近年、日本国内の労働力不足が表面化しつつあり、外国人労働者を活用する流れがあります。また雇用の形態も多様になり、様々な問題が発生していることも見逃せない状況といえます。そこで労働の対価としての賃金について、日本人との格差や差別的扱いをうけるケースも多発しており、企業側の管理者としては労働基準法等の労働者保護法規や出入国管理及び難民認定法(以下、入管法。)での外国人労働者について取扱いについて把握しておく必要があります。
1.国籍による賃金差別の禁止
労働基準法第3条において国籍により賃金や労働時間などの労働条件について差別的取扱いをすることを禁じています。
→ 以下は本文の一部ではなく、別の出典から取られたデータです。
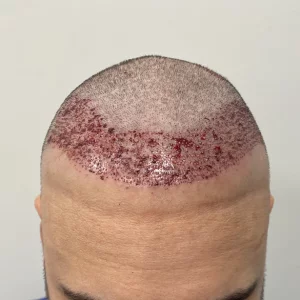 hair transplant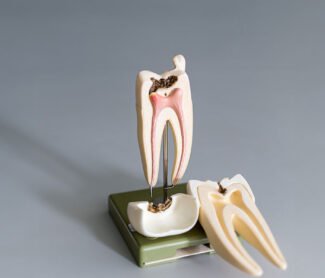 The Endodontic Renaissance: The Trifecta of Technology Enhancing Root Canals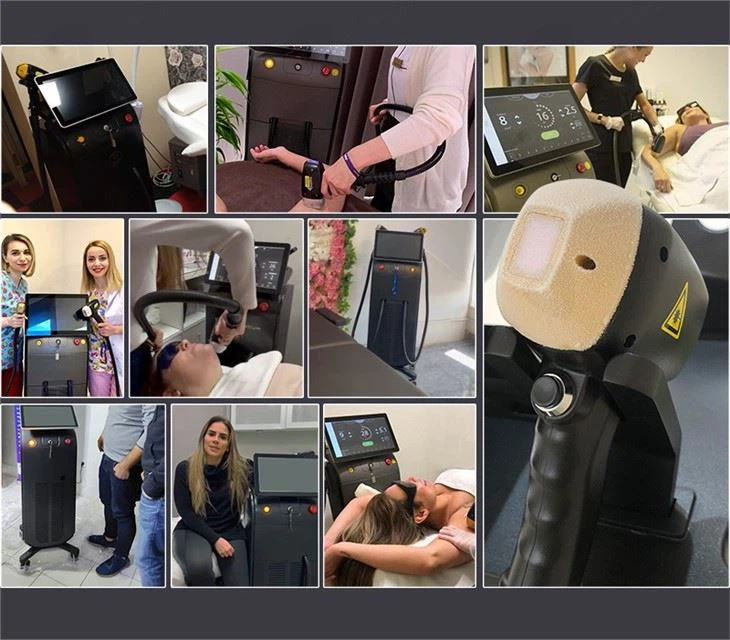 The Worlds Most Advanced Laser Hair Removal System: Soprano Titanium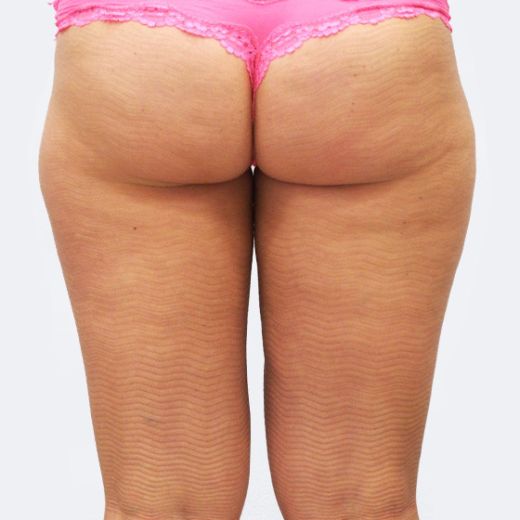 Image after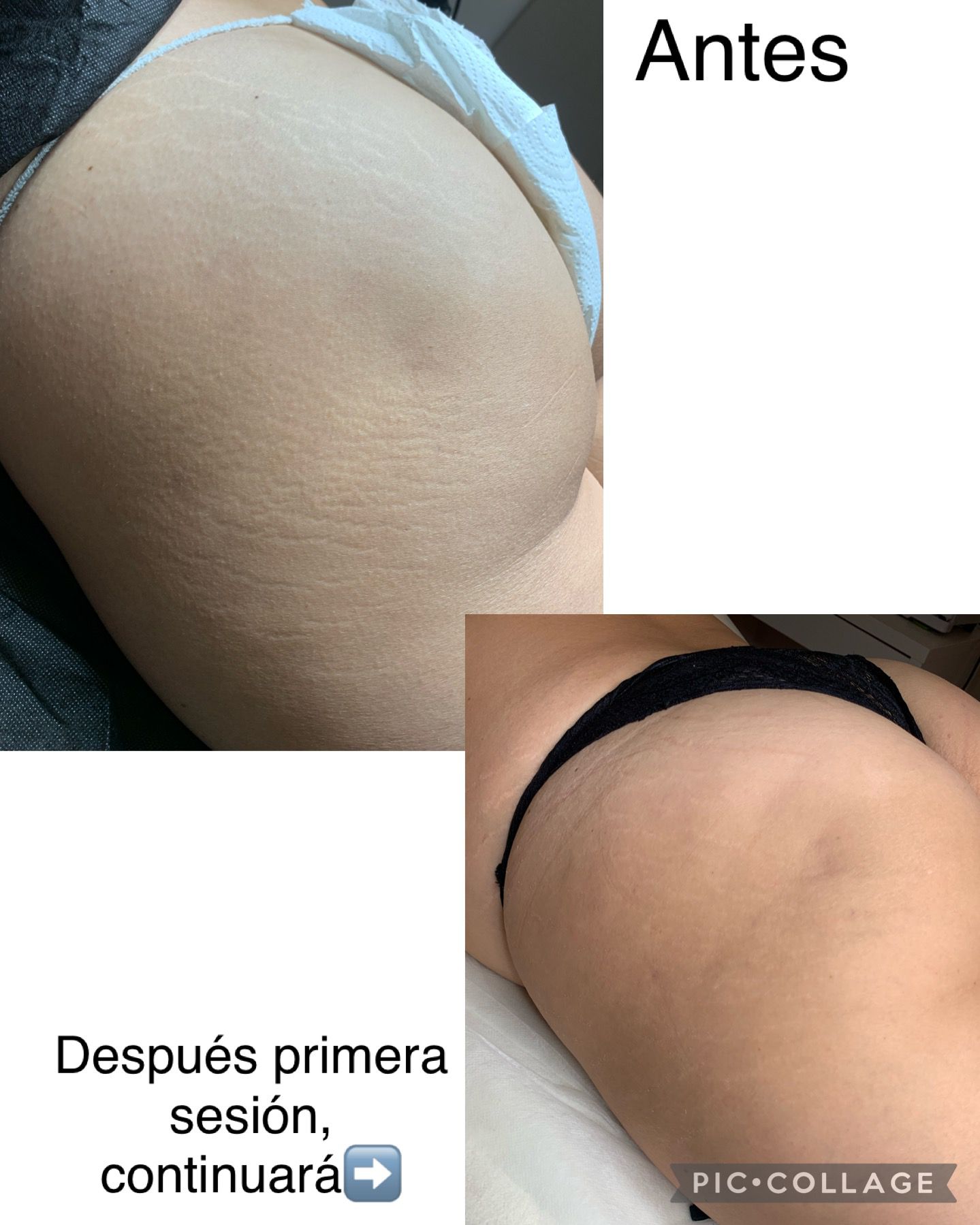 foto de la aplicación de la técnica del Dermo Ink, clínica Laurisilva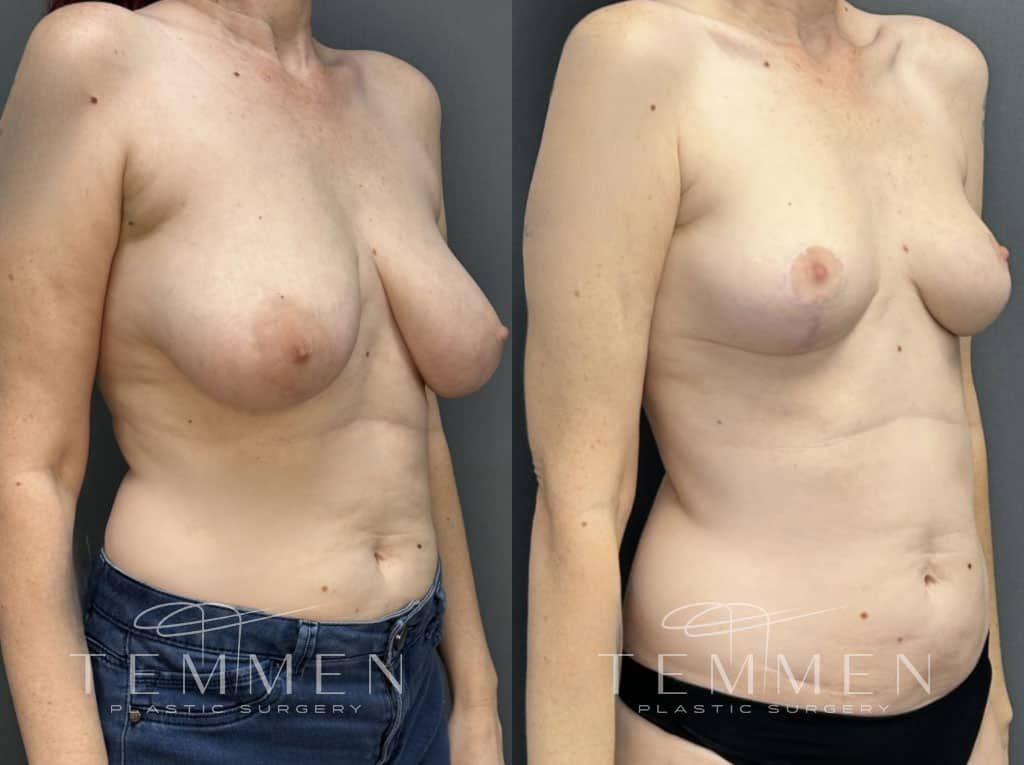 Breast Reduction Before & After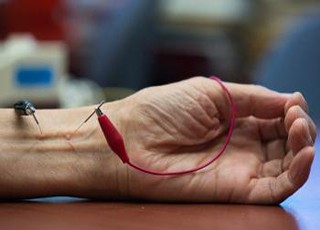 طب سوزنی، روشی موثر برای کاهش فشار خون بالا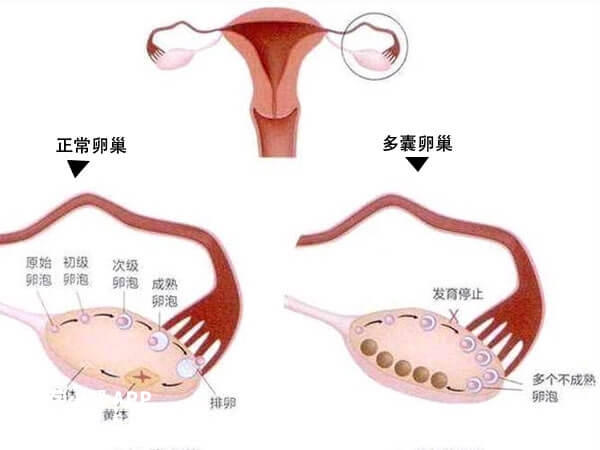 当amh高于正常范围可判定为多囊卵巢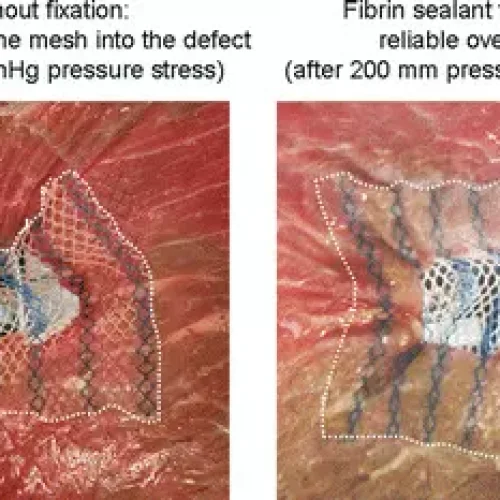 Positive-Pressure Exhaust Technique Improves Mesh Fixation in TAPP Hernia Repair: Study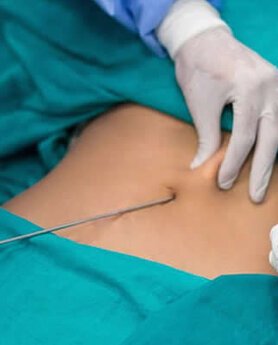 AKO RAZMIŠLJATE O LIPOSUKCIJI OVO MORATE DA ZNATE!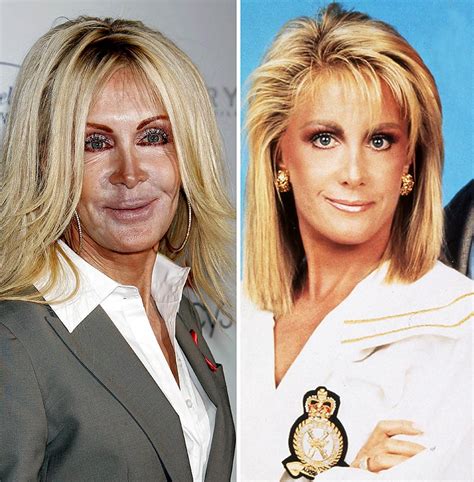 did joan van ark have plastic surgery|joan van ark plastic surgery.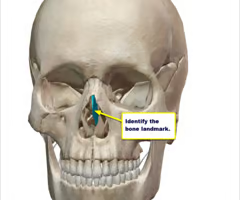 <p>part of nasal septum</p>
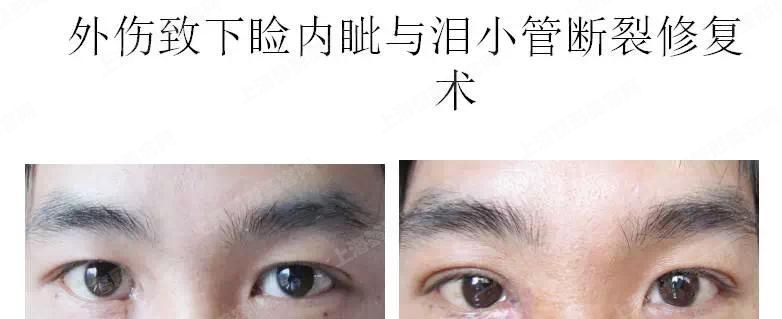上海原辰整形医院女医生张慧珍日记分享原辰医生科普知识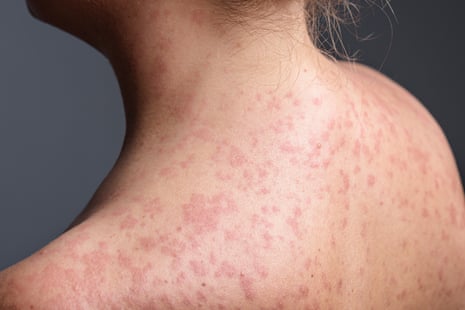 Close-up of a woman's neck, shoulders and upper back covered in a red, blotchy measles rash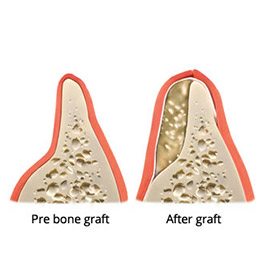 Animation of the bone grafting process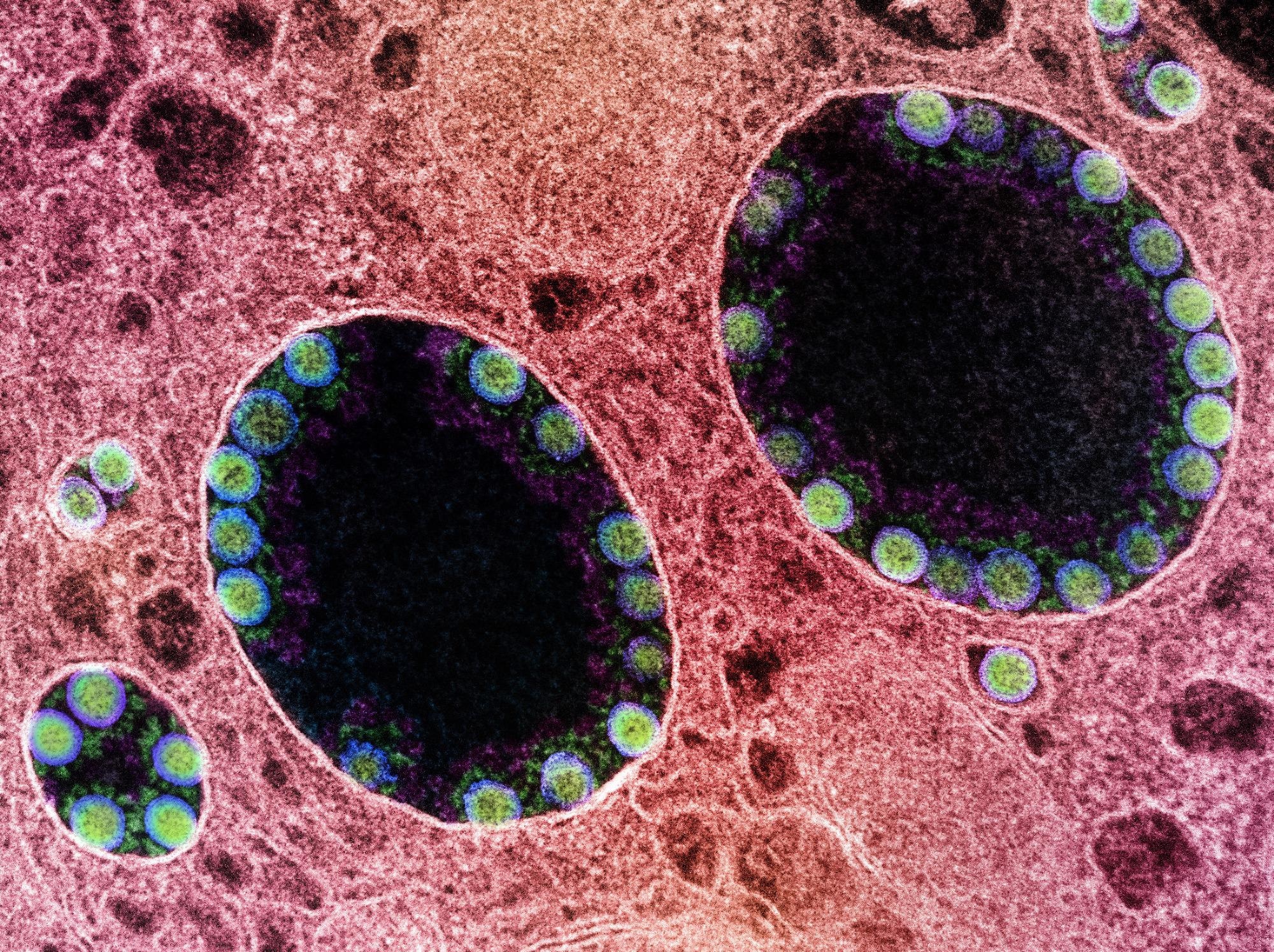 Study: Neutralization Escape by the SARS-CoV-2 Omicron Variants BA.2.12.1 and BA.4/BA.5. Image Credit: NIAID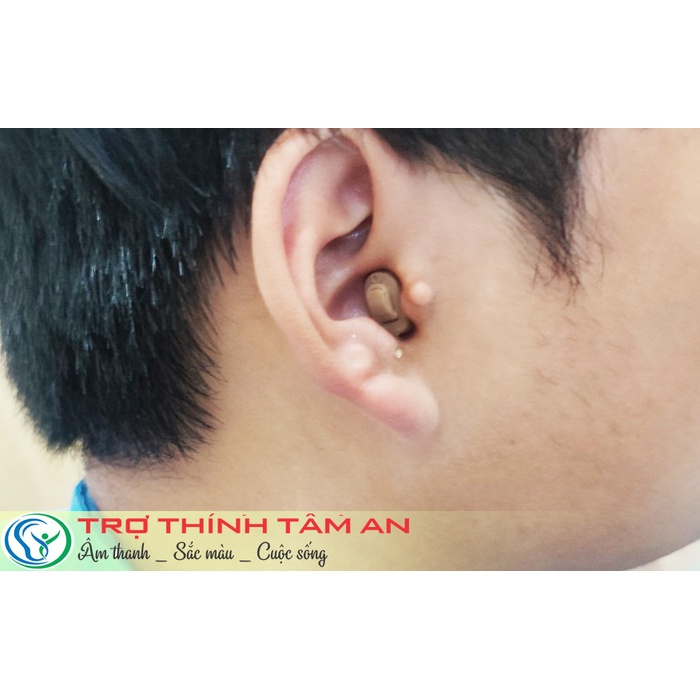 Insio 2NX CIC - Giải pháp trợ thính kín đáo cho người yêu sự tinh tế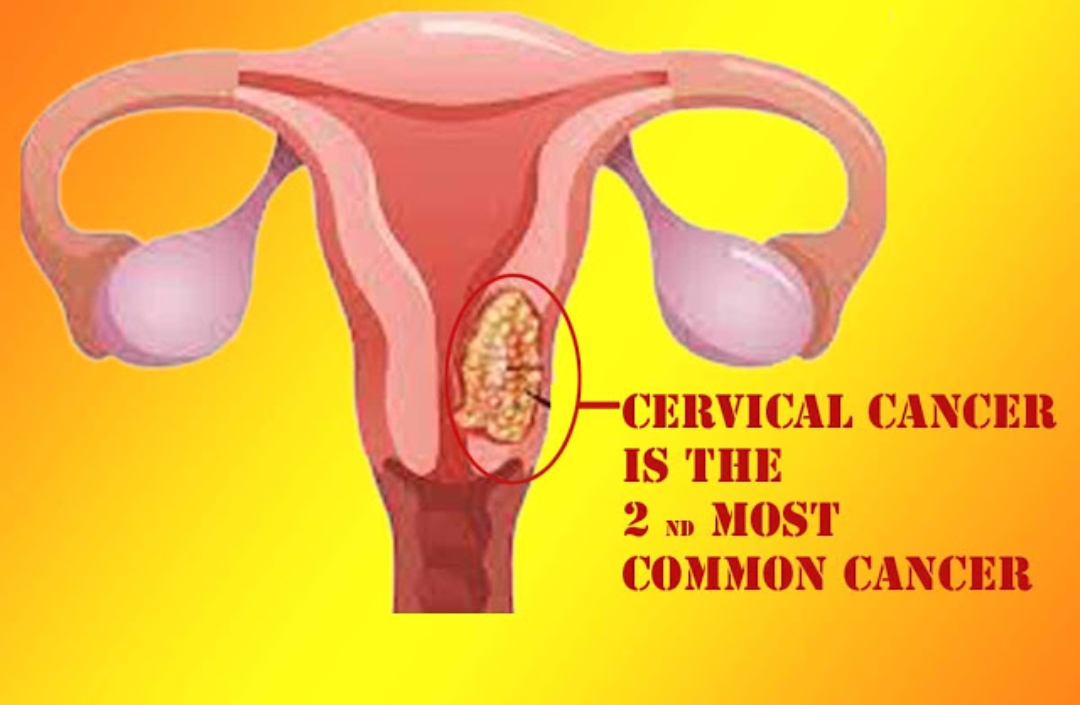 Cervical Cancer on World Cancer Day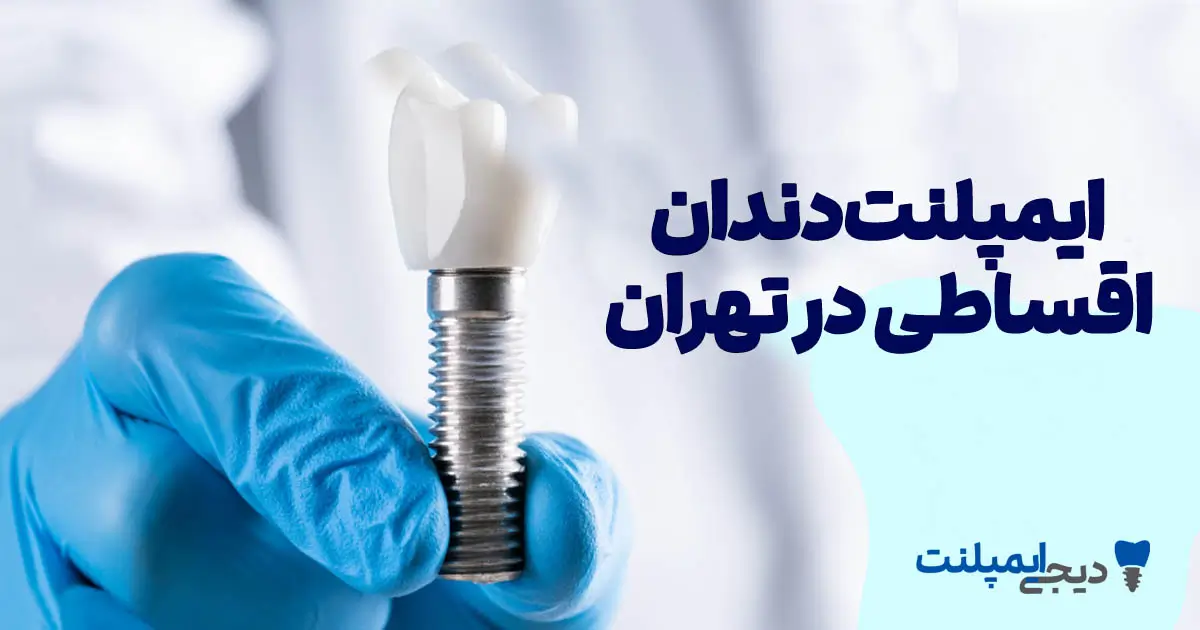 ایمپلنت اقساطی در تهران ۱۴۰۴ (راهنمای کامل + معرفی مراکز)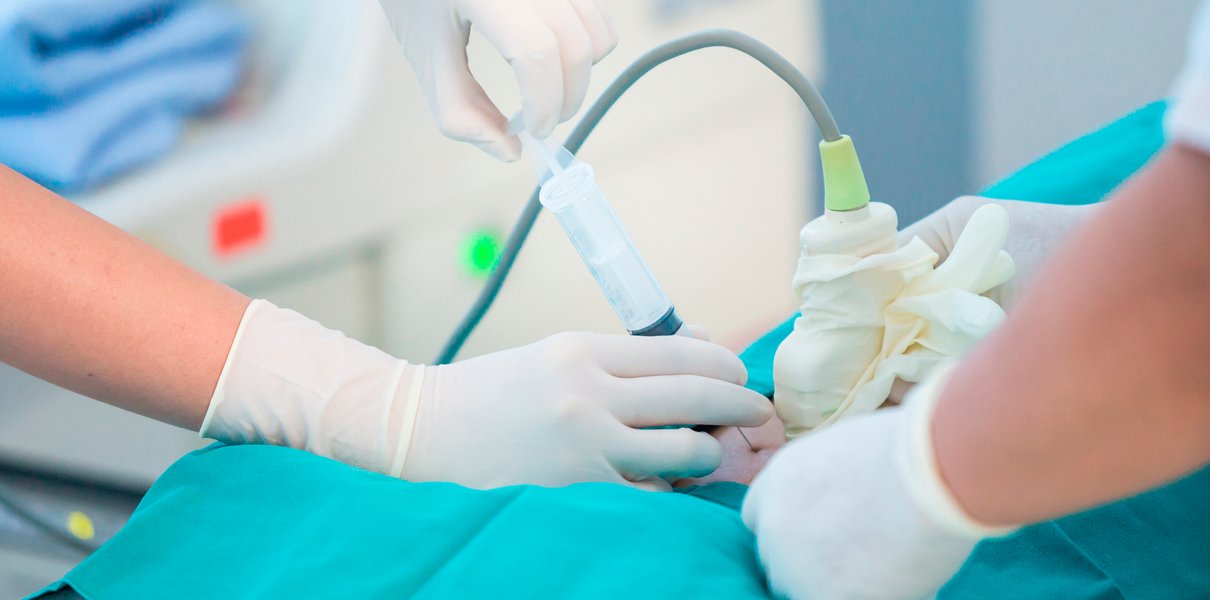 Что такое забор околоплодных вод у беременной, зачем он нужен и не ...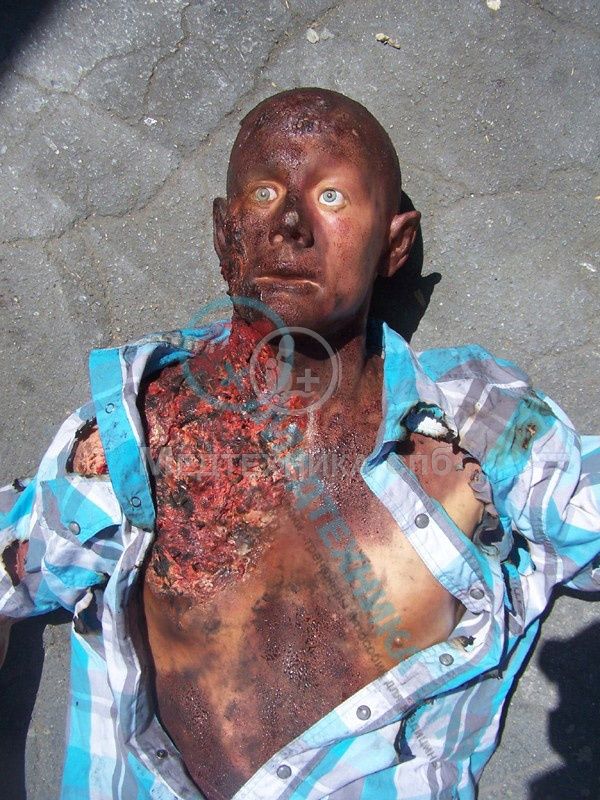 изображение: Фантом-манекен обожжённого тела Джо, наполовину анатомический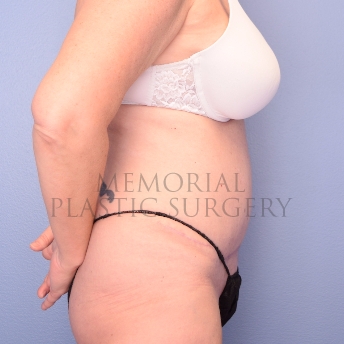 A oblique view after photo of patient 1253 that underwent Abdominoplasty Tummy Tuck procedures at Memorial Plastic Surgery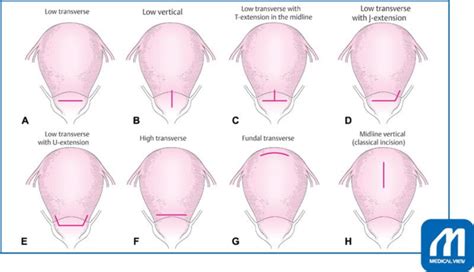 Variety of incisions for hysterotomy (15) Source :... | Download Scientific Diagram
このように同一事業所内において日本人労働者と比較して職種や能力等からみて合理的な理由がなく低い賃金は許されません。
2.中間搾取(ピンハネ)の禁止
労働基準法第6条は、「何人も、法律に基づいて許される場合の外、業として他人の就業に介入して利益を得てはならない」と定められています。
3.最低賃金制度
最低賃金制度も当然に外国人にも適用されます。最低賃金制度とは賃金の安い労働者について、業種や地域ごとに賃金の最低額を保障しようというもので、現在、各都道府県の地方最低賃金審議会の審議に基づき、各都道府県労働基準監督局長が地域別・業種別最低賃金を決定・公示しています。事業主は最低賃金の適用を受ける労働者に対し、その最低賃金額以上の賃金を支払わなければなりませんので、この水準を下回る賃金契約は法違反となり、無効となった部分は最低賃金額と同等の契約があったものとみなされます。よって最低賃金額より低い賃金を定めても、最低賃金額を支払う義務が生じますので、都道府県別で公示されている最低賃金額を確認しておく必要があります。
4.在留資格での制限
就労が認められる「人文知識・国際業務」、「技術」、「技能」等の各在留資格取得の条件として入管法にて定められる事項として、当該外国人労働者が日本人が従事する場合に受ける報酬と同等額以上の報酬を受けることが条件となっております。また、現在の入管法にて認められている上記の就労可能な在留資格においては担当する職務に関連する大学の専攻学部等を卒業したか、又は実務経験が問われるなど単純労働ではない業務にて認められていますので、新卒及び中途にて採用する場合には日本人を採用した場合の賃金を参考としてそれと同等額以上の賃金を確保してければなりません。